Trump’s book and Osama bin Laden: Trump repeated his long-debunked lie that he wrote in a 2000 book that the authorities needed to kill Osama bin Laden.
After Trump correctly noted that the US killed Iranian commander Qasem Soleimani on his orders in 2020, Trump added, “I did one other, but this one was not picked up: Osama bin Laden. If you read my book, I said, ‘You got to take him out’ – one year before the World Trade Center came down. So I wish you’d read the book.”
In reality, the book did not offer any advice about how to deal with bin Laden, let alone do anything about bin Laden; it mentioned bin Laden just once in passing. The terrorist was killed by US forces in a 2011 raid ordered by then-President Barack Obama more than five years before Trump took office.
Iran and US planes: After noting that US ally Kuwait accidentally shot down three US planes earlier in the Iran war, Trump said, “The only planes, really, that we lost were – friendly fire, they call it.” But the focus of this very press conference was the rescue of two airmen whose F-15 fighter plane was shot down by Iran last week, as Trump said himself in his remarks. In addition, Chairman of the Joint Chiefs of Staff Dan Caine confirmed during the press conference that, during the rescue effort, the US also lost an A-10 Thunderbolt II close air support plane after it was hit by Iranian fire and the pilot ejected. And Iran destroyed a US E-3 Sentry early warning and control (AWACS) plane in a strike on a base in Saudi Arabia. (This is not intended as a comprehensive list of planes lost during the war for reasons other than friendly fire.)
Trump and wars: Trump repeated his familiar false claim that “I’ve ended eight wars.” As we’ve repeatedly noted, his list includes two situations that were never actually wars (a diplomatic dispute between Egypt and Ethiopia and a mystery situation between Serbia and Kosovo) and at least one war that didn’t actually end (involving Rwanda and the Democratic Republic of Congo).
Maduro and prisoners: Trump claimed, as he has on numerous previous occasions, that ousted Venezuelan President Nicolás Maduro had “released hundreds of thousands of people from jails into our country” during his tenure as leader. Trump and his aides have never substantiated this claim, and experts on Venezuela previously told CNN and other outlets that they knew of no basis for it.
The US military in South Korea: Trump again exaggerated the US military presence in South Korea, saying that “we have 45,000 soldiers in South Korea” and then repeating the “45,000” figure shortly after.

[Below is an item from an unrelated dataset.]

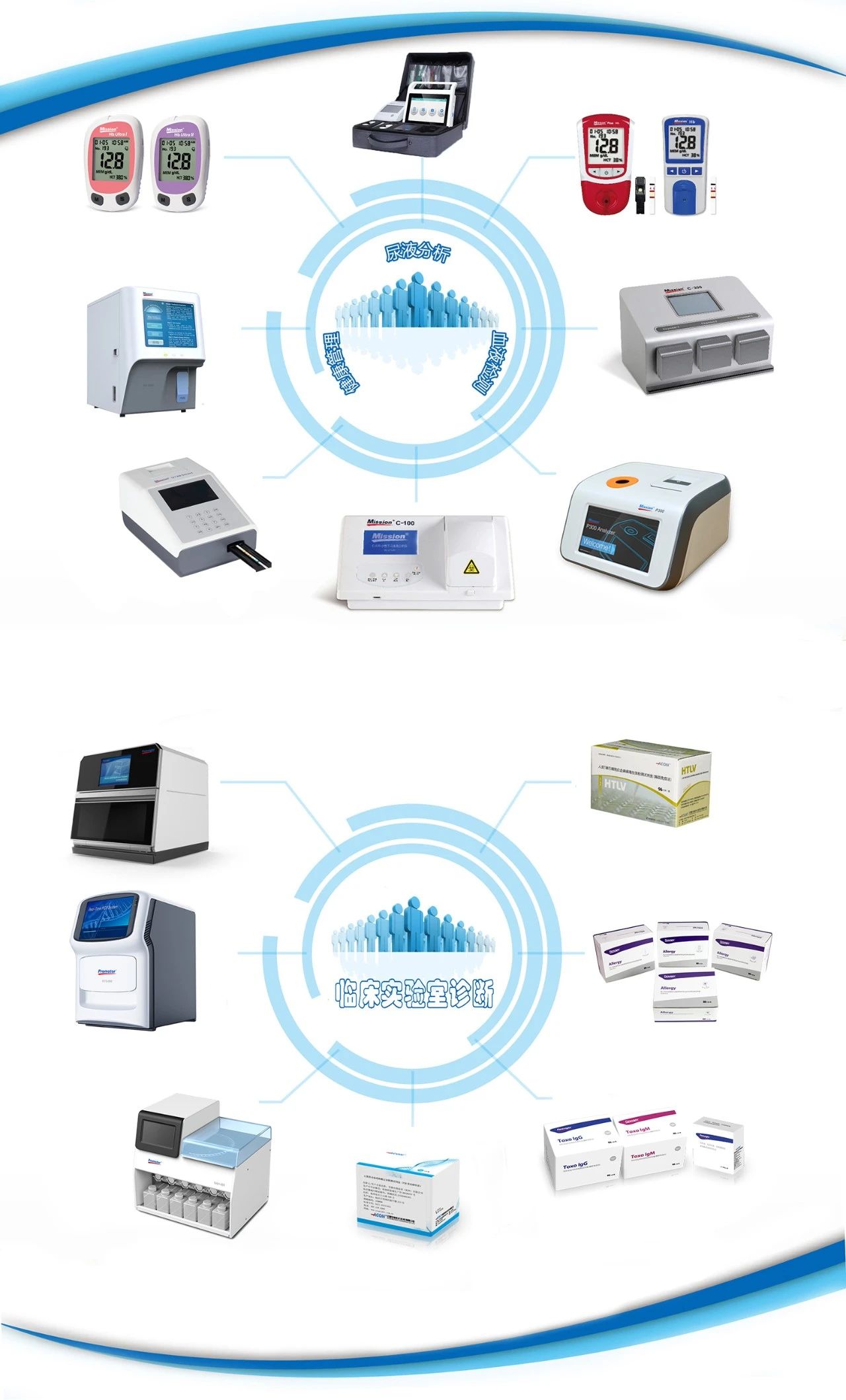 【展会预告】第十八届浙江基层医疗装备展览会 【展会预告】第十八届浙江基层医疗装备展览会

According to public Defense Department data, there were 26,722 US military personnel in South Korea as of December 31, 2025, including 23,495 on active duty. There is no indication that roughly 20,000 additional troops have been sent to the country in early 2026.
Harris and the border: Trump repeated his false claim that former Vice President Kamala Harris was “a border czar who never went to the border.” Harris visited the border twice as vice president, once in 2021 and once in 2024, and the Biden White House repeatedly said she was never the “border czar” – noting she had been given a narrower “root causes” mission of leading diplomacy with Central American countries in an attempt to address the reasons for their citizens’ migration to the US.